Avengers: Endgame directors Anthony and Joe Russo could outdo Infinity War with “a lot of hard work,” Joe Russo told Empire Magazine.
“Whether we top Infinity War or not, I don’t know,” he added. “But we try to tell the best story we can with these characters. This is bringing to a close the first decade of stories. I think that alone has a dramatic power to it.”
Details surrounding Endgame — which only recently released its first trailer earlier this month, bringing with it a reveal of the sequel’s long-guarded title — will remain close to the chest.
“We’ve sat on the title, we’ve sat on the trailer,” Russso added. “The last thing we want to do is give any clues to story structure or tone.”
The Russos, who first helmed Captain America: The Winter Soldier and Captain America: Civil War, previously told Business Insider they hope to provide a rewarding experience for fans — but their process first involves satisfying themselves.
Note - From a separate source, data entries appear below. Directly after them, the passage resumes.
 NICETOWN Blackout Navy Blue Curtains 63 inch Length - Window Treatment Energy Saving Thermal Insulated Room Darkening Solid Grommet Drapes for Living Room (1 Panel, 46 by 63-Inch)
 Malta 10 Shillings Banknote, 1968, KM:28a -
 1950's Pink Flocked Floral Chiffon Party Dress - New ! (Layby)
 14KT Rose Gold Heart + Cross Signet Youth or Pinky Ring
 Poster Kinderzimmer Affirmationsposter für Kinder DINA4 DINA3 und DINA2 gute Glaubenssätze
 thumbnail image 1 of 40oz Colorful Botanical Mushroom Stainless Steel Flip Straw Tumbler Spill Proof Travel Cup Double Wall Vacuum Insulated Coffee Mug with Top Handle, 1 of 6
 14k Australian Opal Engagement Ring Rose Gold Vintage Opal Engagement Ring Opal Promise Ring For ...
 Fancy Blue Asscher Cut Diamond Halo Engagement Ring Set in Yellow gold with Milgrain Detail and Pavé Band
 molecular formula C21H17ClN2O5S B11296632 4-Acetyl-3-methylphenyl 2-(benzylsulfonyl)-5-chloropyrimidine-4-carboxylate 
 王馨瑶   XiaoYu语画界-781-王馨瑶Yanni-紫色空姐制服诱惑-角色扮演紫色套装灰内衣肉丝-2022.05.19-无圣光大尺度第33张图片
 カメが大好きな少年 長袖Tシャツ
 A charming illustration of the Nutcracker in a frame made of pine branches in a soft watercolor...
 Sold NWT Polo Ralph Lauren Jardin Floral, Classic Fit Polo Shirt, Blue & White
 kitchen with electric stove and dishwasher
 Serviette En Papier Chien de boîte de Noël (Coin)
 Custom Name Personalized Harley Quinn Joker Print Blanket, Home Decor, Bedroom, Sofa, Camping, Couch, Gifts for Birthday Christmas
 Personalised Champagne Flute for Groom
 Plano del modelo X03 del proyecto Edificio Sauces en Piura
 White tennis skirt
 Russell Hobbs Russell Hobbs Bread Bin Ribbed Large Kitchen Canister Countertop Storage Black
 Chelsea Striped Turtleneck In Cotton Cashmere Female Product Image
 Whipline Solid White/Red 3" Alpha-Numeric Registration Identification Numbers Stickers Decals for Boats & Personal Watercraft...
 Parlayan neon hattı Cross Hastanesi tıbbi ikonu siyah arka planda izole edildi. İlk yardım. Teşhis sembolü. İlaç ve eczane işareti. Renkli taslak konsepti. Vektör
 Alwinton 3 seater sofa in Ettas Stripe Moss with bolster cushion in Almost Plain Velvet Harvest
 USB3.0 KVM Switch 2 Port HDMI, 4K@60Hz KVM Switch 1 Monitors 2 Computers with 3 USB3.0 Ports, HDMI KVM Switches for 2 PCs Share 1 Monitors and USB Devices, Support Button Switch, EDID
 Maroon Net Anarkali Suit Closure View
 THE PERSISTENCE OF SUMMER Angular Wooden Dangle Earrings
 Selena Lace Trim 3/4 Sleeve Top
“When Joe and I got hired to direct Winter Soldier, that movie was many multiples larger than anything we'd ever done before as filmmakers,” Anthony Russo said.
“But the way we work as filmmakers is we have to satisfy ourselves first and foremost. If we’re making a movie that excites us, that’s the best we can do. We can’t predict if people are going to like it, we just know whether we like it. That’s how we've made every one of our Marvel movies and it’s how we’re making this one. For all of the anticipation and anxiety about it, nothing serves Joe and I better than staying focused on the story we're trying to tell and telling it the best way we can.”
Marvel Studios chief and architect Kevin Feige has characterized Endgame as an ending point for the first chapter of the ongoing Marvel Cinematic Universe, set to continue beyond Spider-Man: Far From Home in 2019 with future franchise entries like Black Widow, Black Panther 2, and Guardians of the Galaxy Vol. 3.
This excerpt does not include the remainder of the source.